▶ **EXERCISE GOAL**: Write out again the entries from the first line to the line that includes "a burning tank", keeping both of those lines.

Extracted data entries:

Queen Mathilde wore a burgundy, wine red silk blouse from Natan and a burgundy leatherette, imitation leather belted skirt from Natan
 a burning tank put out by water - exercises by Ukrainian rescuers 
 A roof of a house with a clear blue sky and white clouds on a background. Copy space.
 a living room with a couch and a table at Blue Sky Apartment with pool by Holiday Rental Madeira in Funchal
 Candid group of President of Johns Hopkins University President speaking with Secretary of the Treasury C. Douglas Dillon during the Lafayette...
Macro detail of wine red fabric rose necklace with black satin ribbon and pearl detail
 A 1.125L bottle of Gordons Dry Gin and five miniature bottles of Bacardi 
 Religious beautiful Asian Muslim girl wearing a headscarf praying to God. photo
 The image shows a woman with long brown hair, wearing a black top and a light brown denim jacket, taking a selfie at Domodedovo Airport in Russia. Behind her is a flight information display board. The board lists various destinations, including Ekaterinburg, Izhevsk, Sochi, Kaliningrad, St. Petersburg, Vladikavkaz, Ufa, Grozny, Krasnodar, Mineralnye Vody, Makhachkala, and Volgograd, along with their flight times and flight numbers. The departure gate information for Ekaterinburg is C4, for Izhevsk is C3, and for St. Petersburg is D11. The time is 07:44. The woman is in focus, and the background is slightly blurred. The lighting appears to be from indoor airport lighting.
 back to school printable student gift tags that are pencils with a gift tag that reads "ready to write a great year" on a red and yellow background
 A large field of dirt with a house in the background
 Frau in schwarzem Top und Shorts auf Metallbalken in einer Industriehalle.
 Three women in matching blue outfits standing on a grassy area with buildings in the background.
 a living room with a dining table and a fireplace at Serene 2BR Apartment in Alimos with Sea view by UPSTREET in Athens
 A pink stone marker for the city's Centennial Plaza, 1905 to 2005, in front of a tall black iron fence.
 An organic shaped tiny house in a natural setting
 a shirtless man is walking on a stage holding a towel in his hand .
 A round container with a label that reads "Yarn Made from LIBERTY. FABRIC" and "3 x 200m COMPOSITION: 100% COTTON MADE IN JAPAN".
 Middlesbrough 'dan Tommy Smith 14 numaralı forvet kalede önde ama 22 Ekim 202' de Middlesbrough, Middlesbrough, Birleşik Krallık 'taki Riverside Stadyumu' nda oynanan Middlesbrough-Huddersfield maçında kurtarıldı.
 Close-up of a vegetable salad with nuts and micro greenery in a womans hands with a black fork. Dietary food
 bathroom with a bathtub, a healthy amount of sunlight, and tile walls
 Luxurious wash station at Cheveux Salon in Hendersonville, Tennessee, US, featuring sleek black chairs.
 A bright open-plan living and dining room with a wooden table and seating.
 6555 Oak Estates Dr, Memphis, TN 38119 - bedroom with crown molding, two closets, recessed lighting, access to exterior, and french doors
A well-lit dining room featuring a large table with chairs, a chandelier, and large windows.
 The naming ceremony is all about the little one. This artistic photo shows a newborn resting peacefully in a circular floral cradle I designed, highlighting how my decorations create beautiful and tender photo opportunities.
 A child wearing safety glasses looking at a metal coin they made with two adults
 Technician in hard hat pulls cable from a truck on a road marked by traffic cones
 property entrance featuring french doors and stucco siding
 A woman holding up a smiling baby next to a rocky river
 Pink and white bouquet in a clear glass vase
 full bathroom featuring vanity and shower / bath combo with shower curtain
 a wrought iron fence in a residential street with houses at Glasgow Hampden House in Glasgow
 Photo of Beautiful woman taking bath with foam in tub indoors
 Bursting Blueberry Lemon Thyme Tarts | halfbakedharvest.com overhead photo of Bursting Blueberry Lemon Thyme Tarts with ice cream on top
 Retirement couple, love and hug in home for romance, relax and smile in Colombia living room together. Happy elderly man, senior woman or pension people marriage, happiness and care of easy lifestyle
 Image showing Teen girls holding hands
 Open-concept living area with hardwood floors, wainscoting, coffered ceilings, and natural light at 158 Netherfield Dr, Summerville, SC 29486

▶ **RESPONSE**:
Queen Mathilde wore a burgundy, wine red silk blouse from Natan and a burgundy leatherette, imitation leather belted skirt from Natan
 a burning tank put out by water - exercises by Ukrainian rescuers 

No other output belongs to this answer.